PARA SEMPRE... OU ATÉ QUE TERMINE O INTERVALO.

Ricardo gelou.

Olhou de novo, analisou... Era ela mesma, não haviam dúvidas! E que nervosismo é esse agora? Depois de velho, vai voltar a ter comportamentos de adolescente? É ela, definitivamente, mas... e daí? Após todos esses anos, era normal que em um determinado momento eles se reencontrassem. Ele próprio não caminhou inúmeras vezes pelas proximidades da casa dela a fim de encontrá-la? Em verdade, nesta cidade pequena era estranho pensar que isso tivesse demorado tanto pra acontecer... Sim, mas aqui? Agora? Com toda esta despretensão? Desse jeito, uma casualidade normal? Sim, e como era estranho enxergá-la velha! Não que estivesse excessivamente machucada pelo tempo, pelo contrário, estava muito bem conservada, mas naturalmente já não era a moça que ele conhecia. Os olhos ainda possuíam a esperteza exagerada, mas aquelas ruguinhas ao redor não lhe eram comuns. O que é isso? Lágrimas nos olhos? O Ricardo chorando? Não é possível! Logo ele que não chorou nem no enterro da própria mãe?

A verdade é que as pessoas com certa idade tem dispositivos que acionam o sentimentalismo automaticamente, lembranças fortes demais. Vera era o dispositivo de Ricardo. Ao vê-la, o homem lembrou de todos os momentos que passaram juntos, e de toda a beleza e a graça de uma juventude que há tempos já virara passado para ele. E chorou. Foi rápido, mas não duvidem: Vindo daquele homem uma simples lágrima significava um coração estraçalhado, e era assim que o seu estava.

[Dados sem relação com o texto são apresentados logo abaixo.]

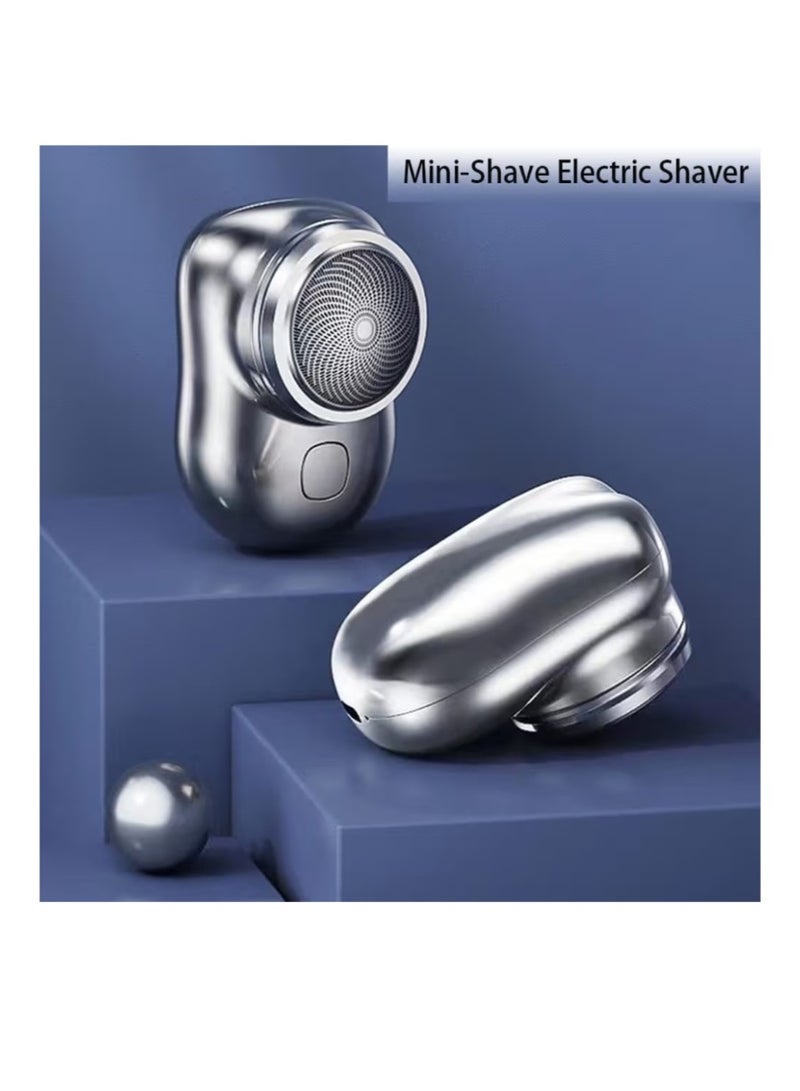 AWH Mini-Shave Portable Electric Shaver for Men, New Upgrade Rechargeable Mini Razor Easy One-Button Use Suitable for Home,Car Travel,Christmas,Father's Day,Mother's Day Gift - Image 3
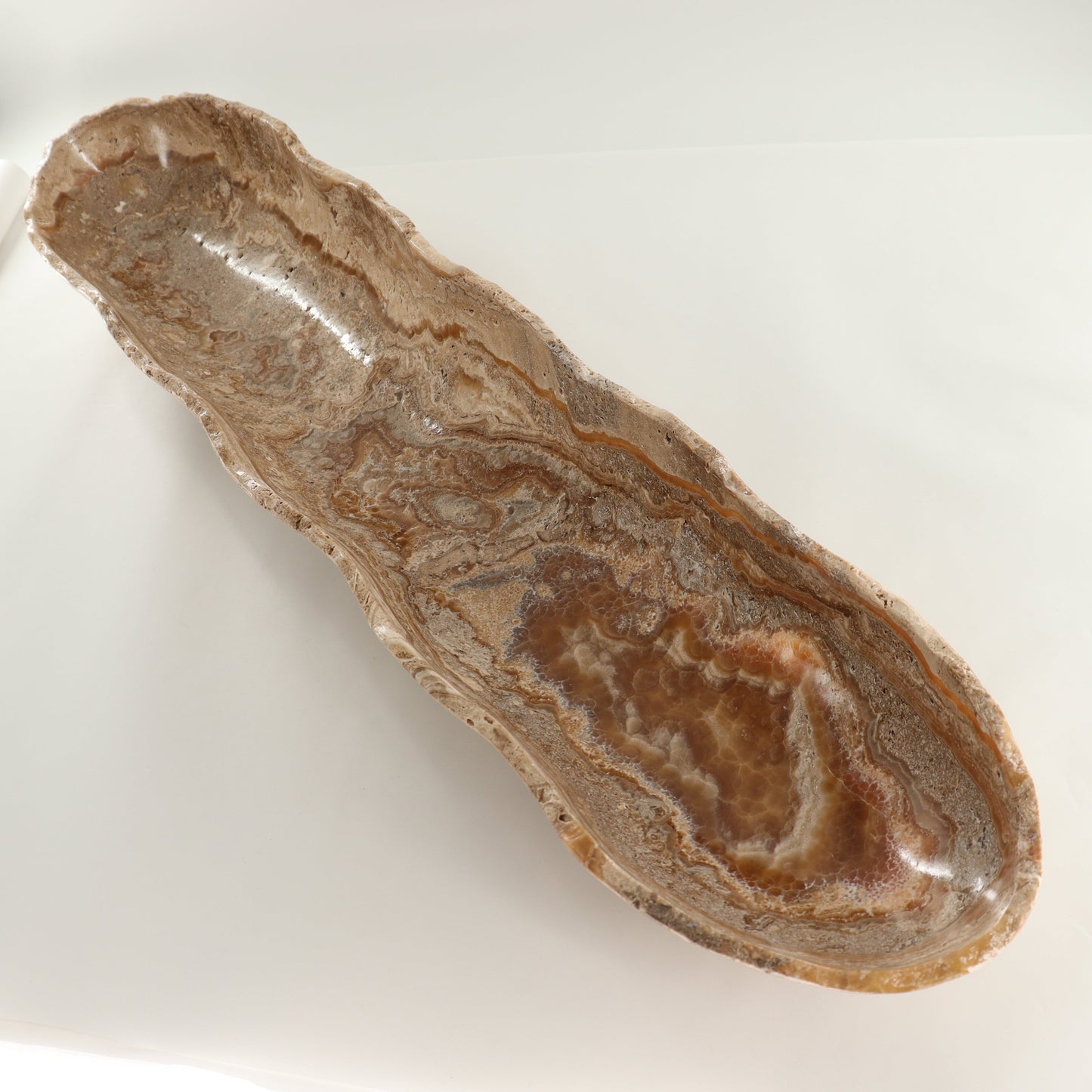 Onyx Canoe Bowl - Expert Wholesale and Supplier of Wholesale Crystals & Bulk Gemstones, ["Bowls","canoe","Mexico","onyx"]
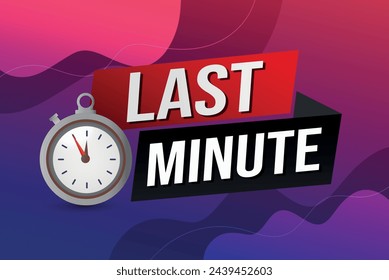 Plantilla de diseño de banner de cuenta regresiva de última hora para marketing. Última oportunidad de promoción o venta al por menor. fondo banner poster diseño gráfico moderno para tienda, tienda en línea, sitio web

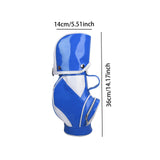 Golf Wine Bag PU Practical Golf Bag Drink Carry Bag for Travel Hiking Blue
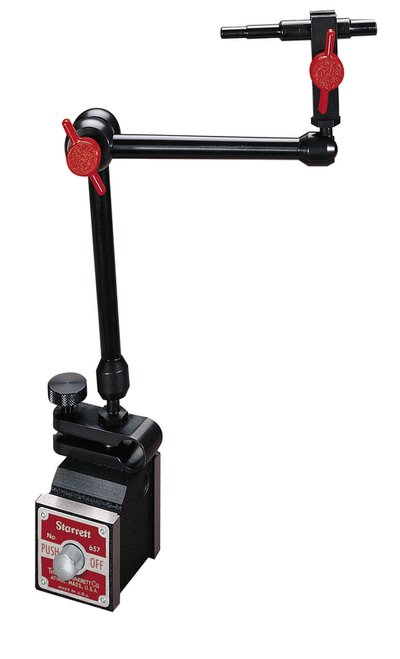 657-1 Magnetic Base Universal Indicator Holder with triple jointed arm and fi ne adjustment
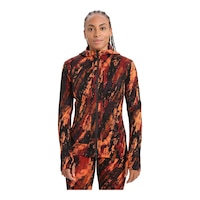 Icebreaker Women's Quantum Zip Hoodie Front_Flat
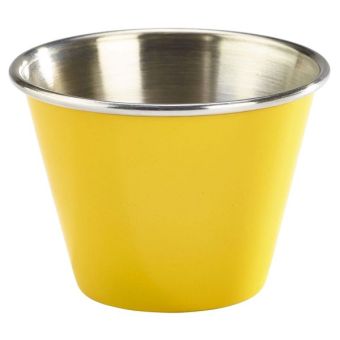 GenWare Stainless Steel Ramekins - 85ml - Yellow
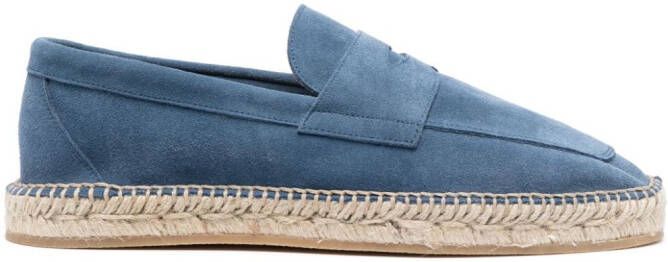 Scarosso Suède espadrilles Blauw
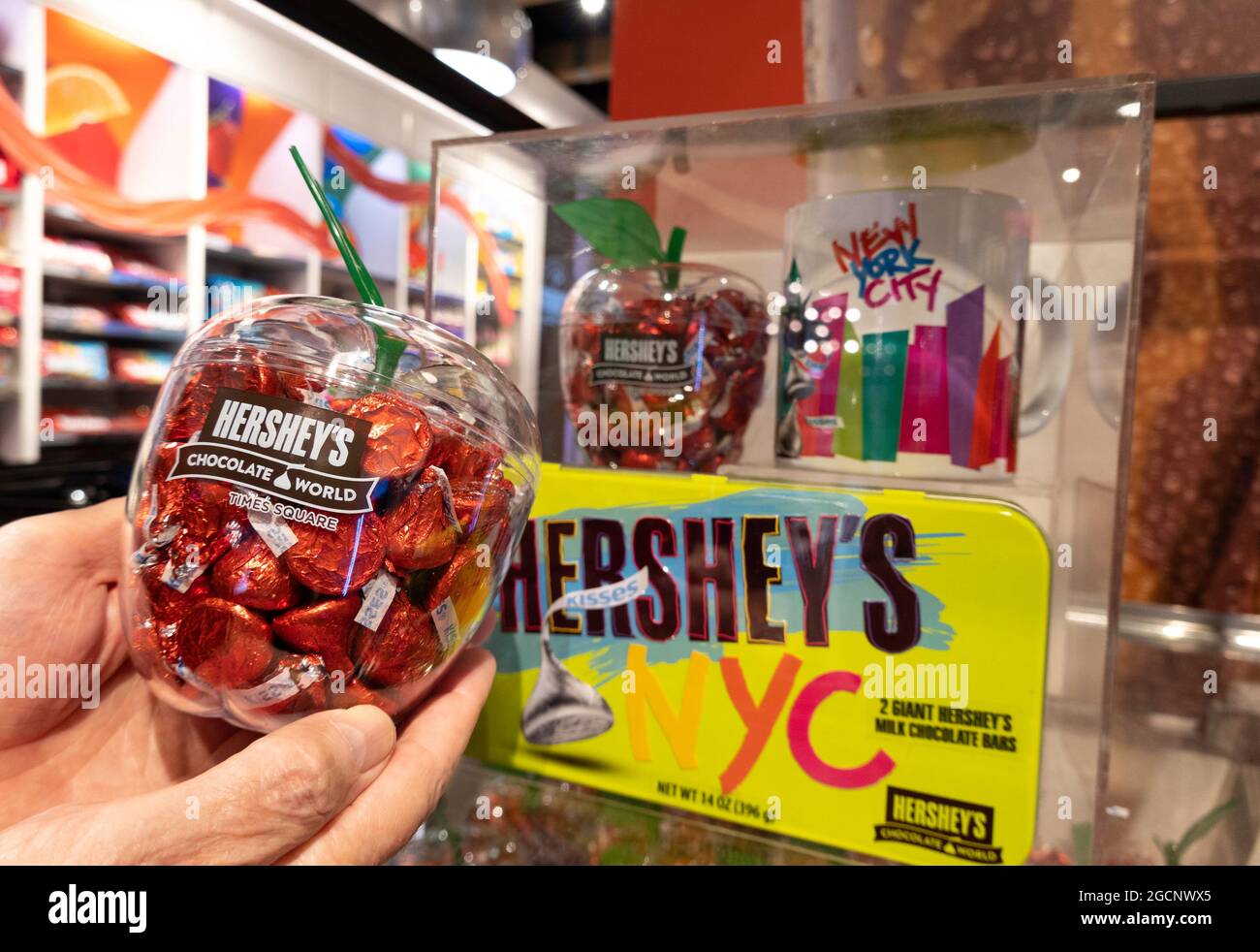 Hershey's Chocolate World Times Square, New York City, USA Stock Photo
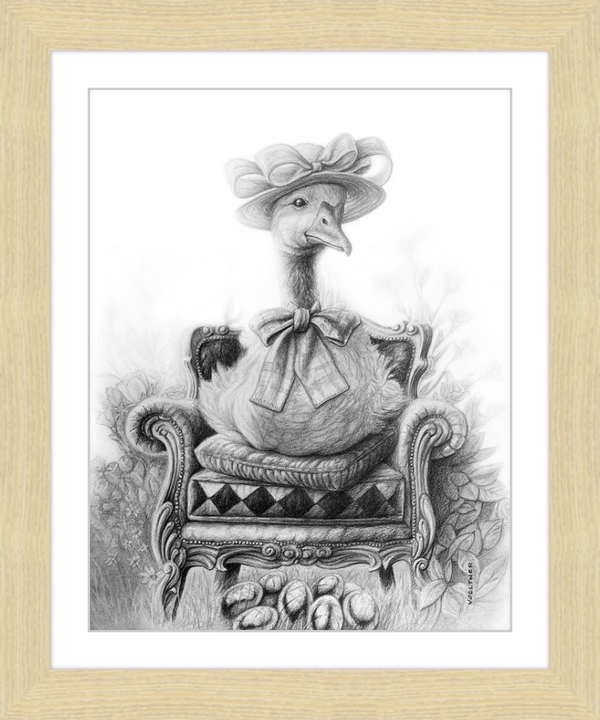 The Goose (Drawing) Art Print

Parado à entrada da galeria, o velho estava com os olhos vidrados naquela senhora, que observava com seu sorriso simples uma vitrine qualquer. A tarde já findava, e a serenidade da noite começava a contagiar, talvez por isso a galeria estivesse tão quieta e vazia. Só quem lá estava eram aquelas duas pessoas: Vera, com as sacolas na mão, estaquiada no canto do largo corredor, e Ricardo, ainda enxugando as gotículas que mal correram por seu rosto magro, e fungando forte, trazendo o choro de volta para dentro. Quando as luzes artificiais acenderam-se, o homem recriminou-se por pensar em tantas besteiras, e decidiu falar logo com a mulher. Pensar é fácil; difícil foi obrigar as pernas a iniciarem seu percurso cansado e tenso, enquanto a mente habilidosa sofria para formular uma mera frase amigável para dizer. Felizmente, não foi preciso. Um passo para o lado e Vera o percebeu. Olhou primeiro, num gesto rápido, automático, para só depois realmente ver. Lá estava ele, o motivo de tantas lágrimas e tanta decepção, não mais parecendo alto e forte como antes, e sim velho e preocupado.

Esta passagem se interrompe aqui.